Problem details
Leave the pictures out and repeat the rest of the data below exactly.

(Data below Opens)

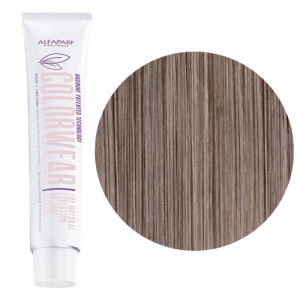 Alfaparf Color Wear 7.12 Farba do włosów bez amoniaku 60ml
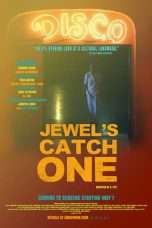 Nonton Streaming Download Drama Jewel’s Catch One (2016) Subtitle Indonesia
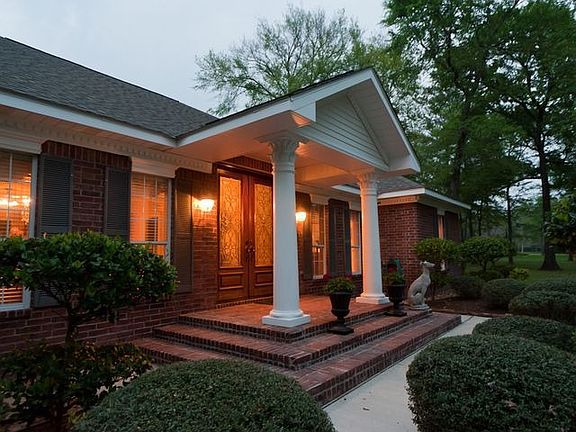 4th image of 23 Oak Crest Cir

(Data below Closes)

Solution to this problem
 Alfaparf Color Wear 7.12 Farba do włosów bez amoniaku 60ml
 Nonton Streaming Download Drama Jewel’s Catch One (2016) Subtitle Indonesia
 4th image of 23 Oak Crest Cir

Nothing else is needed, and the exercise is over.